Supplied records:
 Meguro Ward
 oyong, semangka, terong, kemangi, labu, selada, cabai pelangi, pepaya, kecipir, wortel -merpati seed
---
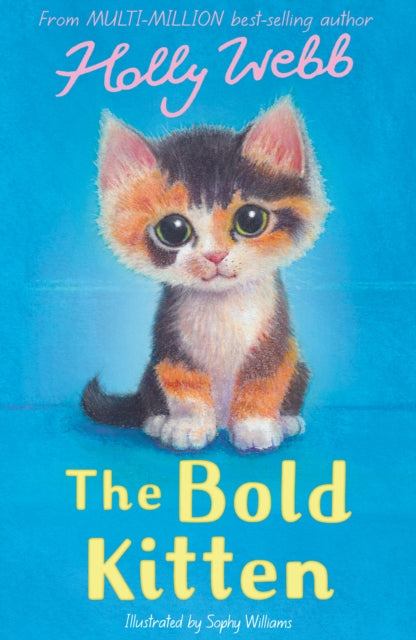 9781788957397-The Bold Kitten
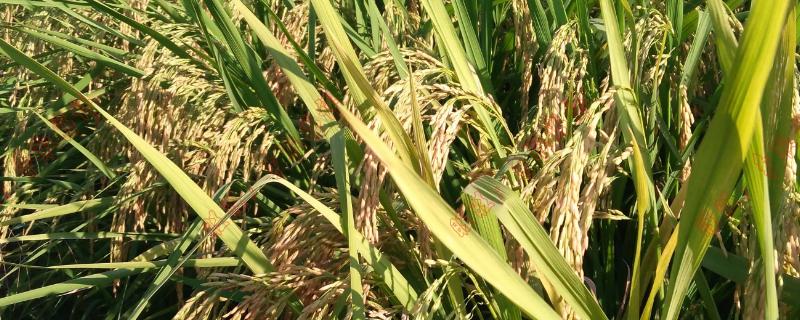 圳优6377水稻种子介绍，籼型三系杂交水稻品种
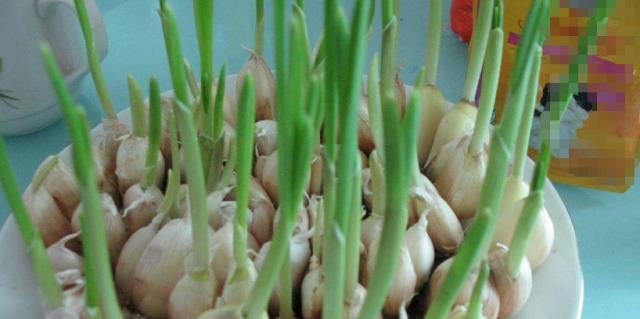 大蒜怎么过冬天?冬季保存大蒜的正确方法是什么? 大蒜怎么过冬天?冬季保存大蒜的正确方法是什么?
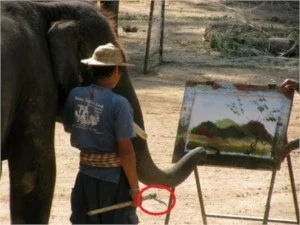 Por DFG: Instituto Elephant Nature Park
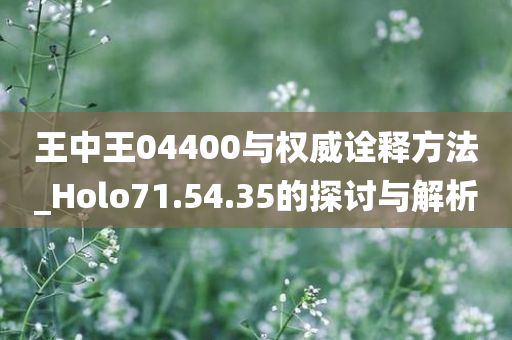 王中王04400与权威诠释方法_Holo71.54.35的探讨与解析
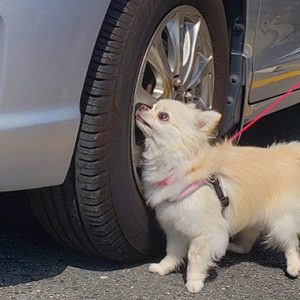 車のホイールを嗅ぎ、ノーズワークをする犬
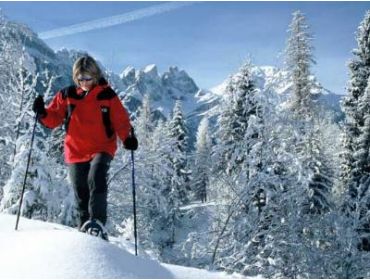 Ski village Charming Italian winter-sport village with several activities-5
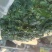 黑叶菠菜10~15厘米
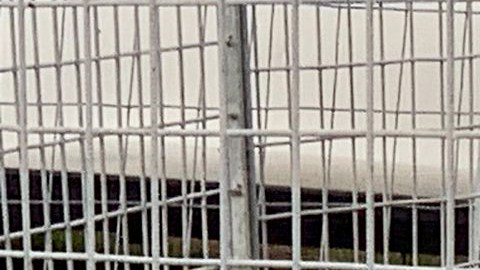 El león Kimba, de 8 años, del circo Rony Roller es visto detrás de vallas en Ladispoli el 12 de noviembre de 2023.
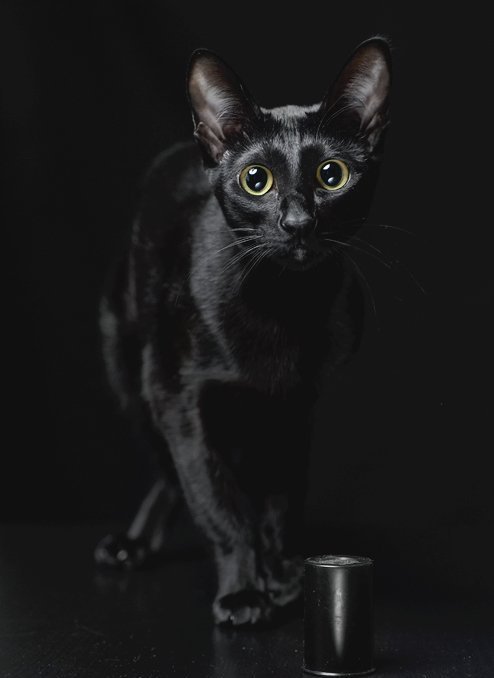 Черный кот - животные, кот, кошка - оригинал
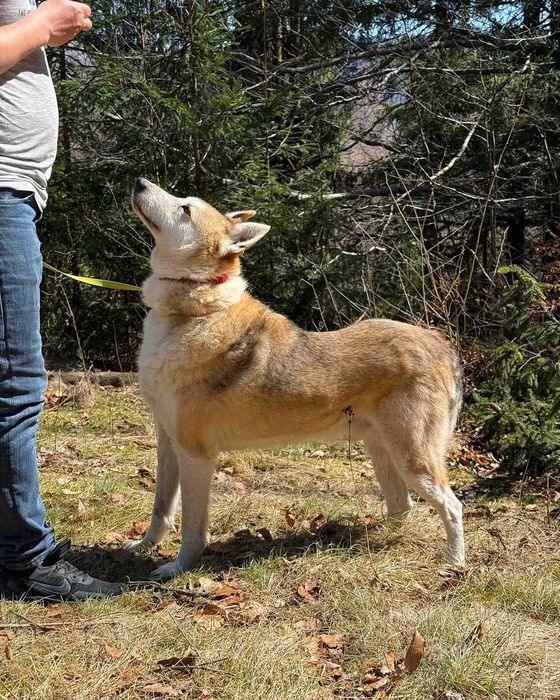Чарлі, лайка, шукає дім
* * *
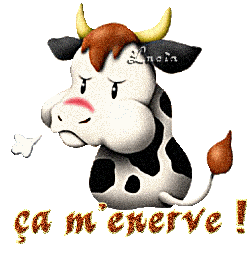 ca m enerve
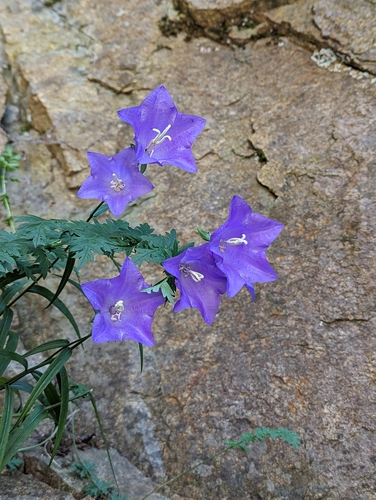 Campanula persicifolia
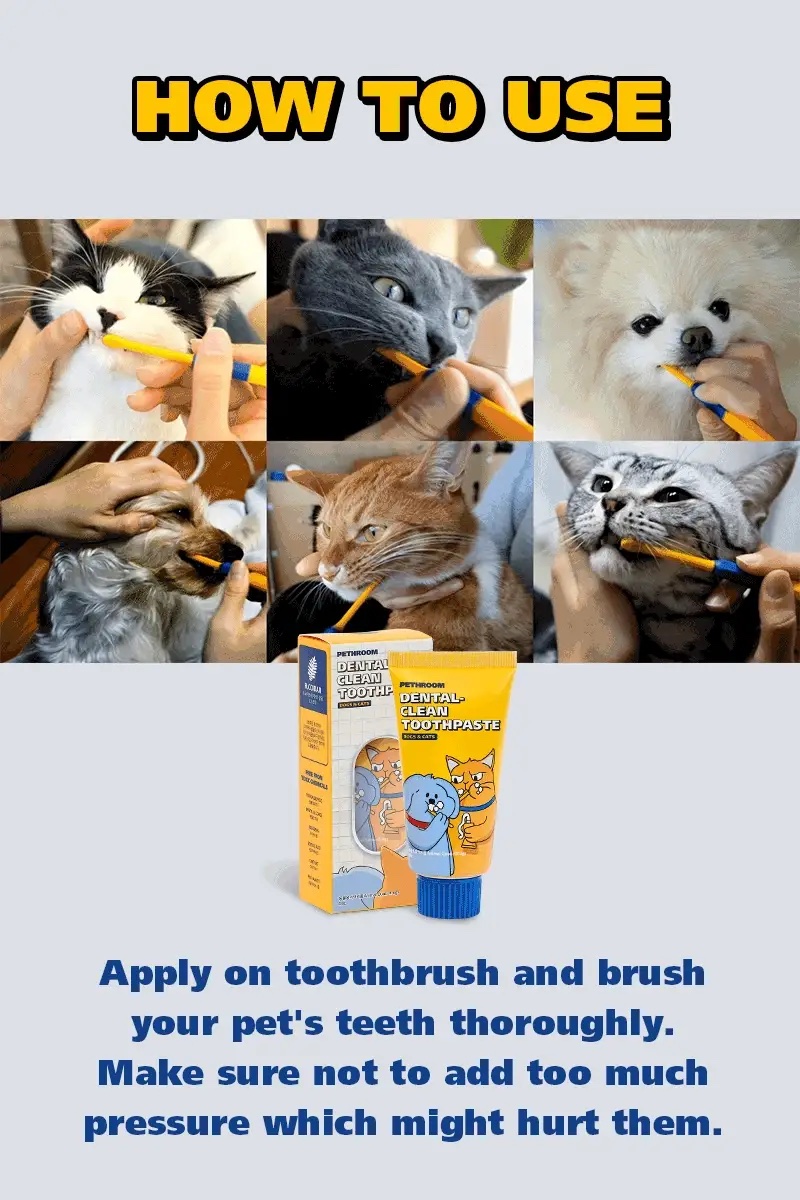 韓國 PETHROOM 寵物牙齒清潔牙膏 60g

Aim of the exercise:
Above, find the line with "Por DFG: Instituto Elephant Nature Park"; copy it and every line down to the line with "黑叶菠菜10~15厘米", exactly and both included, but no pictures.

Worked solution:
 Por DFG: Instituto Elephant Nature Park
 王中王04400与权威诠释方法_Holo71.54.35的探讨与解析
 車のホイールを嗅ぎ、ノーズワークをする犬
 Ski village Charming Italian winter-sport village with several activities-5
 黑叶菠菜10~15厘米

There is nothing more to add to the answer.